NEW YORK, December 22, 2010 – Two separate studies, one conducted by a group of executives and academics, and another by McKinsey and Co. for New York Mayor Michael Bloomberg and New York Senator Charles Schumer, both reached the same conclusion; excessive regulation has made the U.S. stock exchanges a less-than-favorable place to go public, and singles out the Sarbanes-Oxley Act, as the main reason.

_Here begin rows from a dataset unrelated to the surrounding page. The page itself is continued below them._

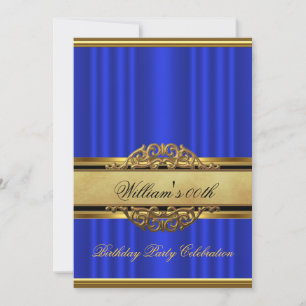 Mans Elegant Blue Gold Birthday Party Mens Invitation
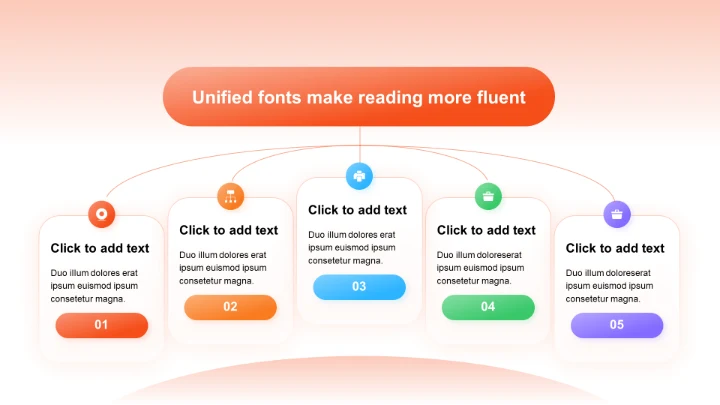 渐变纯文字PPT层次结构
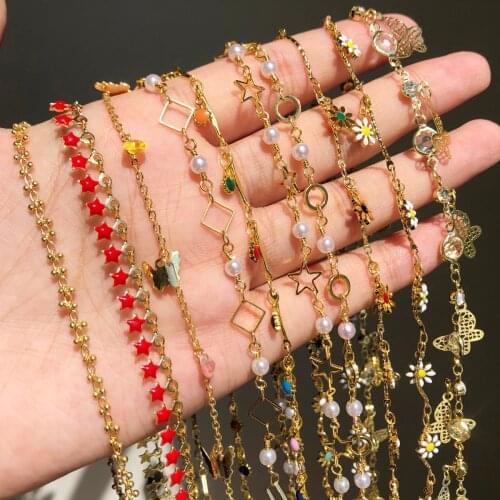 1M Gold Color Stainless Steel Heart Star Butterfly Crystal Beads Chain for Bracelets Necklace Jewelry Making DIY Accessories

So what is the Sarbanes-Oxley Act, and why is it making such a negative impact on U.S. public companies? Sarbanes-Oxley was enacted in 2002 in response to the failures of several large companies like Enron and WorldCom. It’s intent was to protect investors. Basically, the act requires full disclosure on just about everything and most believe that the requirements went way overboard. It comes down to expense. To adhere to the requirements of Sarbanes-Oxley is extremely costly. So costly, that, since passage of the Sarbanes-Oxley Act, many U.S. companies have chosen to list their stocks on the Frankfurt Stock Exchange.

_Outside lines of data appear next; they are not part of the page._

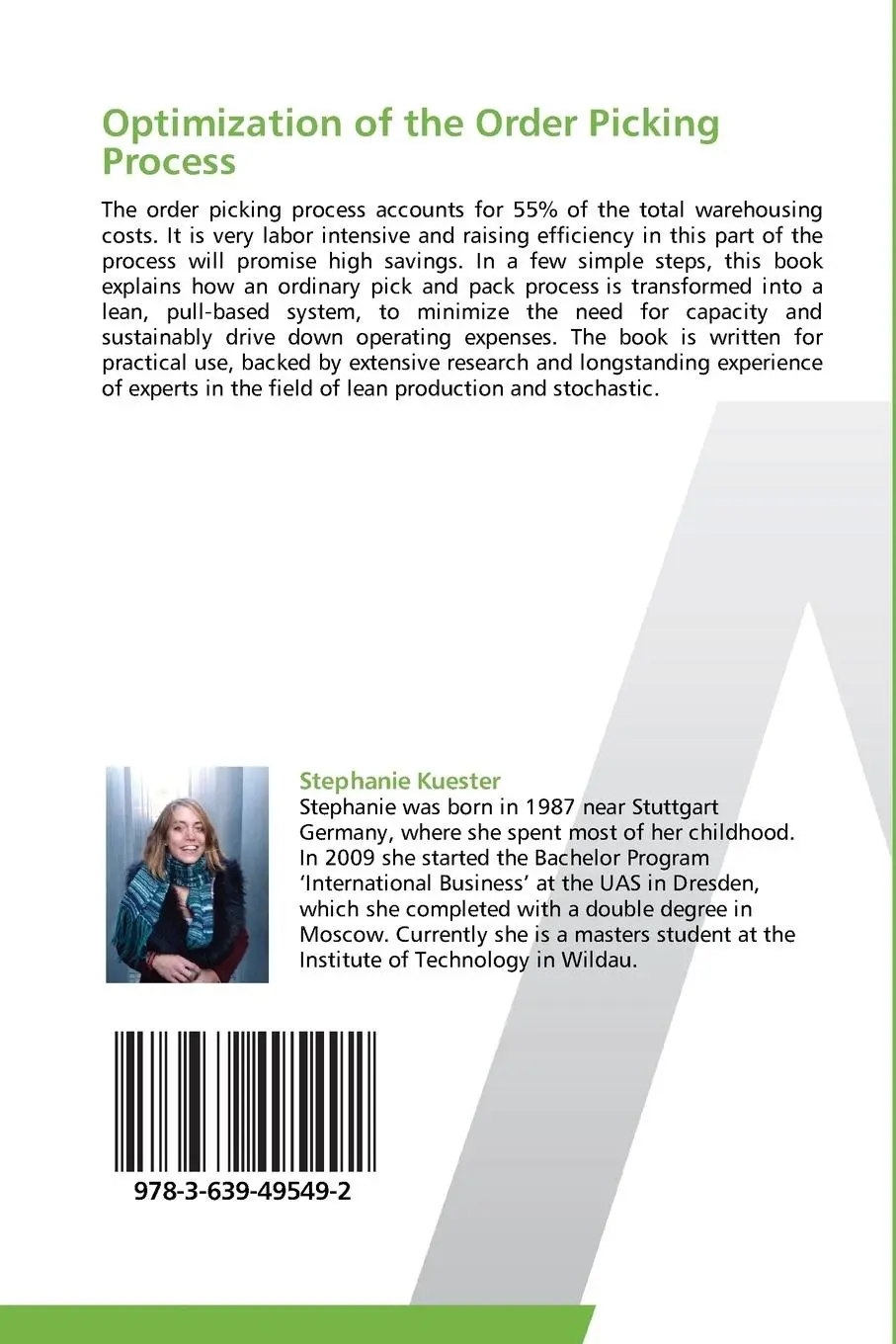 Rückseite: 9783639495492 | Optimization of the Order Picking Process | Stephanie Kuester | Buch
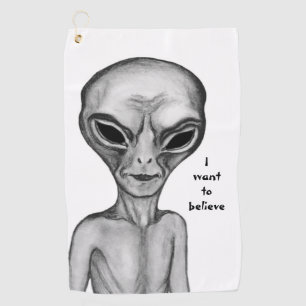 Toalla De Golf Grey Alien , quiero creer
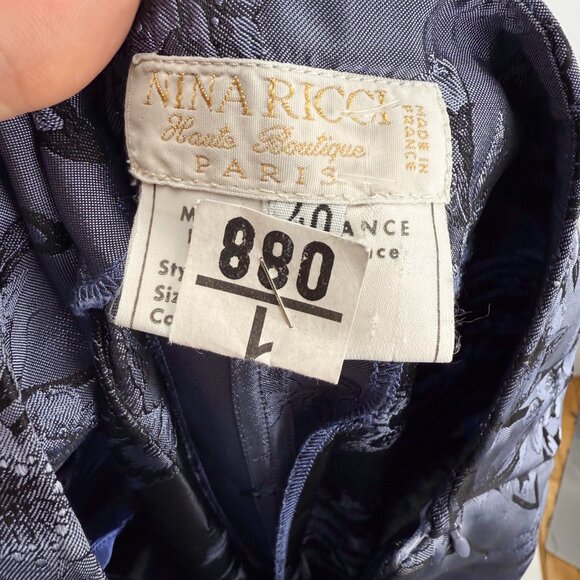 NINA RICCI Haute Boutique Paris VTG Lilac Designer Flowers Tailored Trouser s 40 - Picture 6 of 9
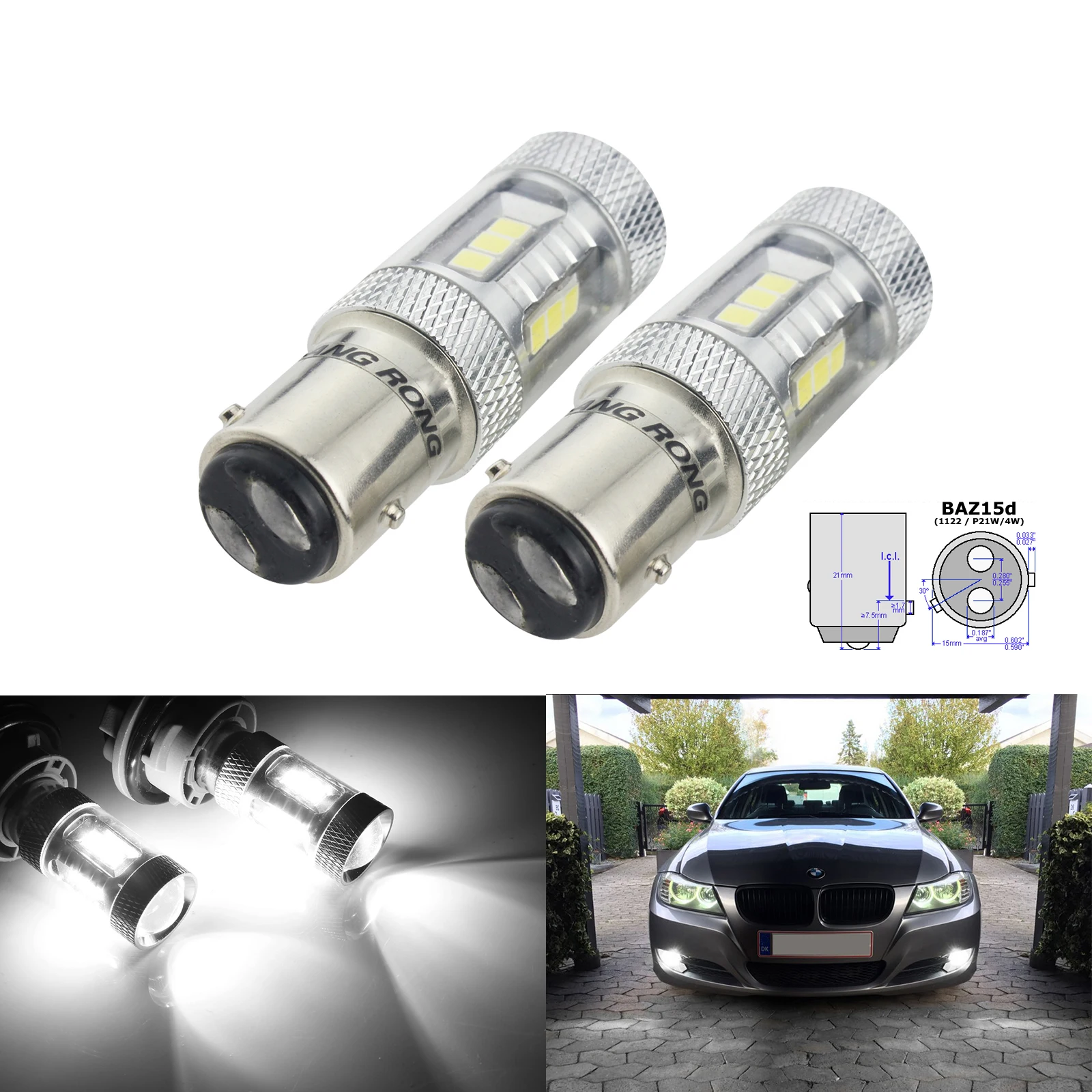 ANGRONG 2pcs 566 P21/4W BAZ15d 1122 15W LED Turn Signal Tail Reverse Stop Brake Light Bulbs Side Indicator | Автомобили и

The Frankfurt Stock Exchange is the world’s third largest trading exchange, ranking only behind the New York Stock Exchange (NYSE) and NASDAQ. The Frankfurt Stock Exchange is home to public companies from more than 80 different countries with companies from North American making up almost 40% of the total companies listed, including more than 3,200 from the United States alone. Here are some more reasons why:

• Unlike in the U.S., all shares are free trading - no restricted shares, even for officers and insiders.
• No short sellers - naked short selling was banned completely in Germany in June 2010.
• The Frankfurt has much greater liquidity/trading volume than the OTCBB and Pink Sheets. As of the end of 2010, more than 65% of the total trades were from countries outside Germany, with more than 22% from US investors.
• A listing on the Frankfurt Stock Exchange is much faster than the OTCBB or Pink Sheets (only 5 to 6 weeks from scratch).
• The Frankfurt Stock Exchange is much more respected than the OTCBB and Pink Sheets.
• The Frankfurt Stock Exchange boasts much greater exposure to investor capital than the OTCBB and Pink Sheets. In fact, investors directly connected to the Frankfurt Stock Exchange represent a full 35% of the world’s investment capital.

Combine that with the fastest rate of growth, the highest earning per capita in the EU, and the euro’s strength in comparison to the dollar, and you can see why so many companies today are choosing to list on the Frankfurt Stock Exchange.